Digital marketing relies on leveraging insights from the copious amounts of data that gets created every time a customer interacts with a digital asset. Algorithms optimise various factors and data points that influence digital marketing success.
In 2020, we anticipate a significant uptick in the mainstreaming of AI and machine learning use cases in digital marketing across several areas.
In the past year, online search has had several AI and machine learning developments. Google is leading the pack with exciting applications in information retrieval. For example, Google's BERT technology can process a word in the context of all the other terms in a sentence, rather than one-by-one in order. BERT also enables anyone to train their own state-of-the-art question answering system.
Customisation of search results and the results page based on learnings from past interactions and preferences of a user is another application of machine learning used in search.
Several adtech companies have been focussing on using AI and machine learning to find the right audience to write better ads than humans, and to increase conversion rates and engagement with the target audience. There are also several AI-led developments in the area of creating dynamic ads and landing pages to personalise marketing messages on the fly.

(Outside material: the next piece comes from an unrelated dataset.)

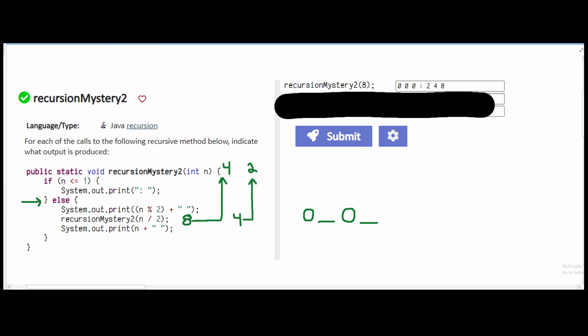We need to go through our code again. We're in our else statement, and we have 2 modulus 2, which is 0. We have another space, and now we have our 2 that needs to go back into the recursion. So 2 divided by 2 is 1.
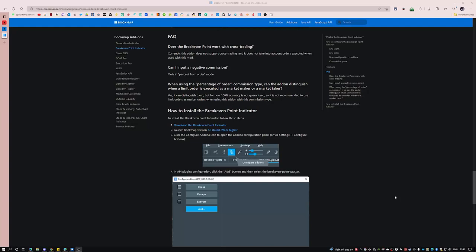Hello and welcome to the break-even point add-ons video. In this video we'll be going over how to use the break-even point add-on. Like all other add-ons you can find them within the add-ons tab within the knowledge base under break-even point indicator here.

AI has an application in content creation in terms of determining the logic of personalisation as also curating content specific to an individual, using techniques such as natural language generation (NLG).
Platforms such as Google and Facebook have been at the forefront of AI/ML applications in marketing. Starting from smart bidding and smart campaigns to auto-generated ads, Google is making it easy for advertisers.
Smart bidding options such as TROAS, TCPA, and others use advanced machine learning algorithms to train on data at a vast scale to make accurate predictions about how different bid amounts might impact conversion or conversion value and assist advertisers in optimising without getting into too many details.
Google factors in a wide range of contextual signals (through search data) to predict user behaviour and to influence auction time bidding as per the goal set by advertisers. Facebook has also incorporated machine learning across campaign planning and execution, as also in ad placements and ad delivery.
Similarly, on the organic search side, machine learning-based product ALPS reverse engineers Google’s ranking algorithm, and is able to accurately quantify ranking drivers, provide precise recommendations for changes, and predicts the impact of SEO actions before they are implemented.
Similar technology to drive improved ad copy testing in digital marketing exists. These help in evaluating ad copies and landing pages on various parameters like relevancy, use of action promoters/inhibitors, urgency inducers, page layout, load times, etc., to gauge the impact on ad relevance, expected CTR, and landing page experience.
Many retailers are also testing AI and VR/AR technologies together to make the user experience personalised to an individual.
Other areas of impact include voice search. We will increasingly see ads about things which we just said or talked about, but haven't searched for yet. Similarly, image search is also being used by many brands for their consumers to match patterns and identify products using image search.
The coming years will continue to unfold newer potential uses of AI in digital marketing.